The primary structure of a protein, i.e., the sequence of the twenty amino acids, can lead to the three-dimensional structure because the amino acids have diverse physical properties. First, each type of amino acid has the tendency to be more preferentially incorporated into certain secondary structures. The frequencies with which each amino acid is found in a-helix, β-sheet and β-turn, secondary structures that are discussed later in this chapter, can be calculated as an average over a number of proteins whose three-dimensional structures have been solved. These frequencies are listed in Table 2. The ß-turn has a distinct configuration consisting of four sequential amino acids and there is a strong preference for specific amino acids in these four positions. For example, asparagine has an overall high frequency of occurrence in a ß-turn and is most frequently observed in the first and third position of a ß-turn. This characteristic of asparagine is consistent with its side chain being a potential site of N-linked glycosylation. Effects of glycosylation on the biological and physicochemical properties of proteins are extremely important; however, their contribution to structure is not readily predictable based on the amino acid composition.
Based on these frequencies, one can predict for particular polypeptide segments which type of secondary structure they are likely to form. As shown in Figure 5A, there are a number of methods developed to predict the secondary structure from the primary sequence of the proteins. Using G-CSF (Fig. 5B) as an example, regions of α-helix, ß-sheets, turns, hydrophilicity, and antigen sites can be suggested.

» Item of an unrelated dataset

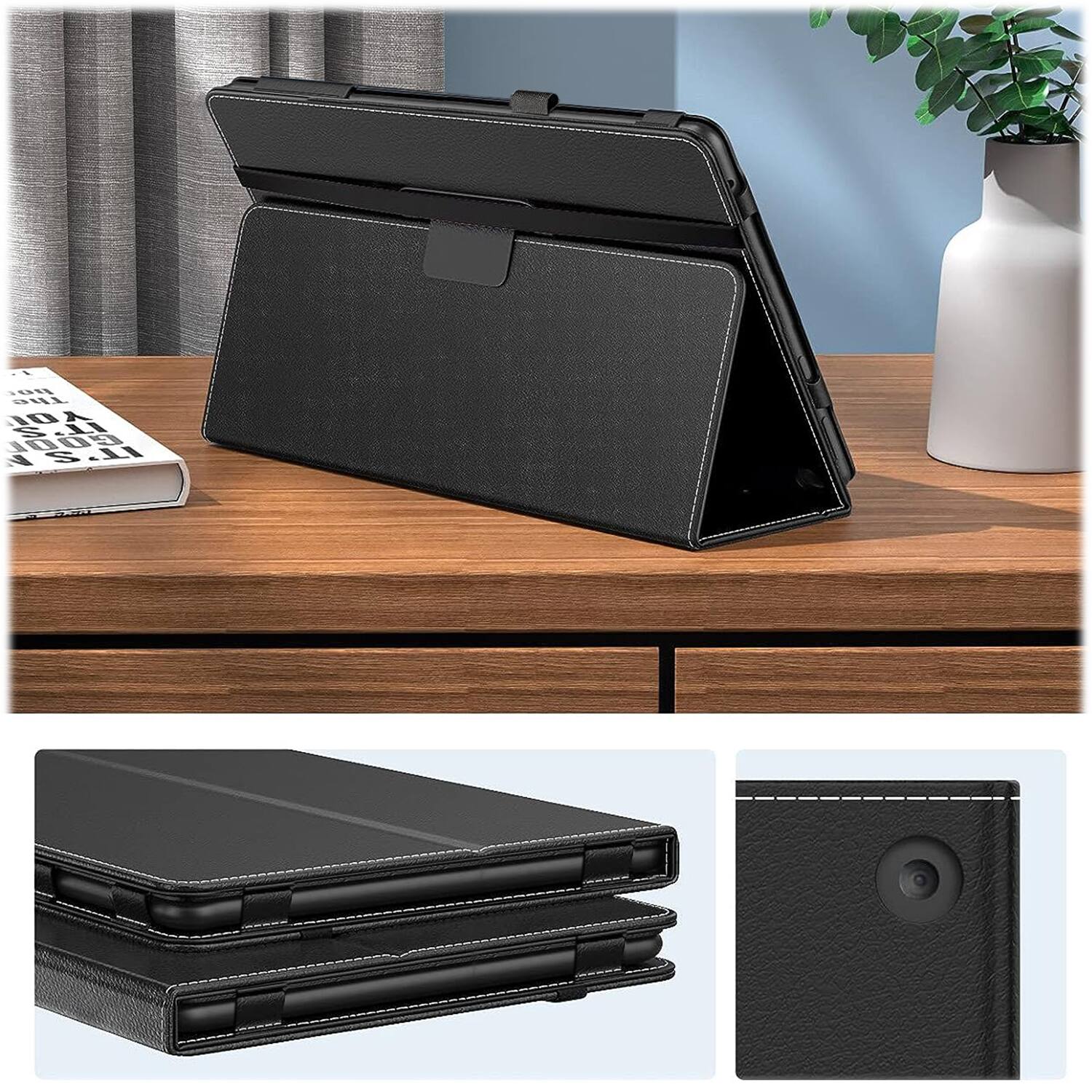 Alt View 14. SaharaCase - EliteFold Folio Case for Samsung Galaxy Tab A9+ - Scorpion Black.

Another property of amino acids, which impacts on protein folding, is the hydrophobicity of their side chains. Although nonpolar amino acids are basically hydrophobic, it is important to know how hydrophobic they are. This property has been determined by measuring the partition coefficient or solubility of amino acids in water and organic solvents and normalizing such parameters relative to glycine. Relative to the side chain of glycine, a single hydrogen, such normalization shows how strongly the side chains of nonpolar amino acids prefer the organic phase to the aqueous phase. A representation of such measurements is shown in Table 3. The values indicate that the free energy increases as the side chain of tryptophan and tyrosine are transferred from an organic solvent to water and that such transfer is thermodynamically unfavorable. Although it is unclear how comparable the hydrophobic property is between an organic solvent and the interior of protein molecules, the hydrophobic side chains favor clustering together, resulting in a core structure with properties similar to an organic solvent. These hydrophobic character-istics of nonpolar amino acids and hydrophilic characteristics of polar amino acids generate a partition of amino acyl residues into a hydrophobic core and hydrophilic surface, resulting in overall folding.